Oh, the current layout works perfectly in ie at 1600x1200, but explodes at all other resolutions.

dbunder
09-20-2005, 04:11 AM
update:

I got sick of it and just wrote a javascript that dynamically writes the css for the absolutely positioned elements. For ie, since I can't get the browser size before the document loads (it throws errors at me and bombs), i used ie's hacky expression() thing in css. Posting this code cause I hope someone can use it.

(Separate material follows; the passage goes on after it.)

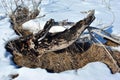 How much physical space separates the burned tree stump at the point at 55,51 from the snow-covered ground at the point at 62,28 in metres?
0.13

javascript for all browsers but ie:

var layoutWidth = 760;

var width = browserWidth();

if (document.getElementById)
{
var layoutLeftPosition = (width / 2) - (layoutWidth / 2);
document.write(' \
<style type="text/css"> \
table#mainTable \
{ \
position: absolute; \
top: 0px; \
left: ' + layoutLeftPosition + 'px; \
width: 760px; \
height: 100%; \
min-height: 100%; \
border: none; \
border-collapse: collapse; \
} \
div#logo \
{ \
position: relative; \
left: ' + (layoutLeftPosition + 15) + 'px; \
top: 16px; \
z-index: 0; \
} \
</style>');
}

function browserHeight ()
{
if (window.innerHeight != null)
return window.innerHeight;
return (null);
}

function browserWidth ()
{
if(window.innerWidth != null)
return window.innerWidth;
return (null);
}

ie stylesheet:
table#mainTable
{
position: absolute;
left: expression((document.body.clientWidth / 2) - (760 / 2));
top: 0px;
width: 760px;
height: 100%;
border: none;
border-collapse: collapse;
}

div#logo
{
position: absolute;
left: expression((document.body.clientWidth / 2) - (760 / 2) + 15);
top: 17px;
z-index: 0;
}


Only problem with this is if someone resizes their browser. You can add an onresize to the body tag to reload the document when it's resized.